Everyone checking out Cris' Mooney
We had a lot of Mooneys there!
Peter departing in his M20J
Things began wrapping up as Mooneys were slipping out of the neat line we had them arranged in. After everything was put away, Joe finally showed up. He took us over to his hangar and showed us the engine overhaul he has been performing on his 305 Rocket. I took Joe and his girlfriend up for a ride in my Mooney around the Cape. Finally it was time to say goodbye and go home. The event was a thrill to be a part of. Everyone was super friendly, the weather outstanding, the conversations fascinating, and the cause charitable. I hope this event can be the first in a long tradition of yearly northeast mega mooney flyins!

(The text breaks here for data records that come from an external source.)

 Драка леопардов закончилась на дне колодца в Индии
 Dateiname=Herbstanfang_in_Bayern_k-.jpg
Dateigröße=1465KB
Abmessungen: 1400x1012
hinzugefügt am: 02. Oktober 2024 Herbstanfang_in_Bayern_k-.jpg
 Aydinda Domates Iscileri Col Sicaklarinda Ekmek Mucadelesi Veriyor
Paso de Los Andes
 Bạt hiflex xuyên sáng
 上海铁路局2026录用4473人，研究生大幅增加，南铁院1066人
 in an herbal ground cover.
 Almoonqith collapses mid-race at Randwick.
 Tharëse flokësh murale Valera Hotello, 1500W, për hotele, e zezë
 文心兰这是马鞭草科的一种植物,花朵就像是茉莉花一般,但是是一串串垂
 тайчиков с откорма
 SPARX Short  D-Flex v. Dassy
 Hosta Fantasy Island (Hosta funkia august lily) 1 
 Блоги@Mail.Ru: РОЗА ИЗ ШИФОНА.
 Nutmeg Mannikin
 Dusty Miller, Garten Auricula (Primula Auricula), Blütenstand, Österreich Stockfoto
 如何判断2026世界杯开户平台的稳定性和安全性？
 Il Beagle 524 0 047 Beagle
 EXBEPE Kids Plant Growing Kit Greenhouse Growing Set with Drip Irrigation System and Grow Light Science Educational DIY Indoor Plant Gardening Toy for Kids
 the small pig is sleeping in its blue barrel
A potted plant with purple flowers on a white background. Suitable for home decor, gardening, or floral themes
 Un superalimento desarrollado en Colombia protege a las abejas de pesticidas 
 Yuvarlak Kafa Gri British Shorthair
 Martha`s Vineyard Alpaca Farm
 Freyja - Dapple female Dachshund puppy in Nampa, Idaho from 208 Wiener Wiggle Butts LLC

On Sunday March 11th, NJMP hosted our 4th Mooney fly in. Despite half our members with downed Mooneys, we managed to get one of our biggest turn outs for this fly in. Fewer members brought more friends so it made for a big turn out.
Big Mooney turn out
The daylight savings time switch did not play much of a role as most planes arrived promptly around 11AM. However, it did make the fly in feel unusually early. As I was taxiing in, I pulled right in to par my plane between Brett and Patrick's 201s. Immediately I recognized some familiar faces. Cris brought out two friends who keep their helicopter at Lancaster and they flew their whirly bird over so we could take a look. Patrick brought his aviation law teacher to get a taste of what Mooney flying is all about.
Cris talking about his M20S Screaming Eagle
Mooneys that got recently painted
Mooney guys checking out helicopter
Mark and his instructor friend arrived in a Piper Seminole but before you begin to doubt their commitment to Mooneys, let me point out that their 201 is in the shop for engine overhaul and repainting. It was nice to finally put a face to the name behind Oasis Pilot Supply. Brett invited his hangar mate Mike and his friend to our fly in. They arrived in a turbo charged, fiki, M20M Mooney Bravo.
Mike's Turbocharged Mooney Bravo
Some of our guys standing around in Lancaster Airport
Cris told the story of how he bought his Eagle turned Ovation for the umpteenth time and also got into how he had the red added to his originally bland white plane. Then he checked out Patrick's brand spanking new paint job. Everyone thought Patrick's repainted 201 MSE looked outstanding except Patrick himself. He was disappointed that he flew all the way to California and back to supposedly the best paint shop in the country and yet they didn't properly strip/repaint certain places like the gear doors.
Cris checking out Patrick's paint job
Dick came in his 231
We had to squeeze tight because the largest table in Fiorentino's only seats 10 while we had 12 attending at once. As usual, conversation went all across the board. We got talking about the new Mooney SB/AD regarding the tail assembly. Also had some talk about auto pilots. I polled attendees to figure out how many used auto pilot to get to our fly in vs hand fliers. Looked like three quarters opted to use their auto pilot on the way while 3 members flew entirely by hand.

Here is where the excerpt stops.